I don't think anyone can choose to believe something they don't believe, or vice versa. Theism is something people are drawn into, there is a concept of a step of faith and a journey into faith, and atheism is merely the default position for anyone who does not take that step and embark on that journey having looked and not found it sufficiently compelling or appealing at the outset.

With the exception of the default position I agree completely. You can't choose to believe or disbelieve, but you can take a position of belief or disbelief. To take a position, whether informed or not, does require a choice. By looking and concluding the evidence is insufficiently compelling. Without embarking on that journey journey you haven't decided either way. The default position is ignorance until the conclusion of that journey when a decision is made. The decision of a position of belief or disbelief, lack of belief, may still be made in ignorance but the journey has concluded nonetheless. 

Theism, a belief in at least one god, doesn't necessitate worship or acceptance.
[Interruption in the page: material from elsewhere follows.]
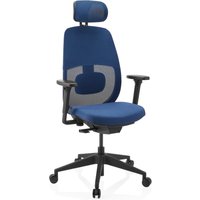 Skandis Pro | mit Kopfstütze - Profi Bürostuhl Blau / Schwarz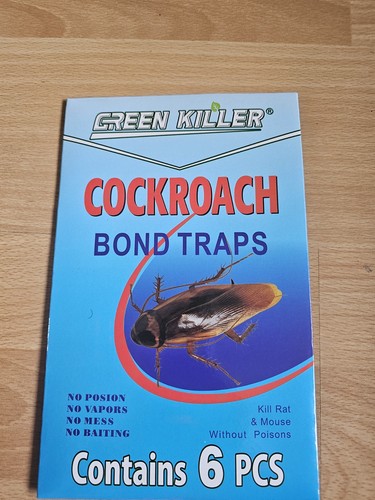 Green killer sticky cockroach - killer,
One may very well accept the fact that there is at least one god while rejecting that god as a god, but that would depend on the use of the word belief or faith. Believing God exists doesn't mean you believe God will or can do whatever God says he can do or that you are interested in whatever that may be. Theism just means believing in the existence of a god or gods.

I have faith, but the demons have knowledge and yet shudder.

Another point I like to bring to the attention of atheists is that the Latin term credit means belief, trust. You can literally move mountains with faith. 
« Last Edit: October 20, 2020, 08:34:35 AM by Theoretical Skeptic »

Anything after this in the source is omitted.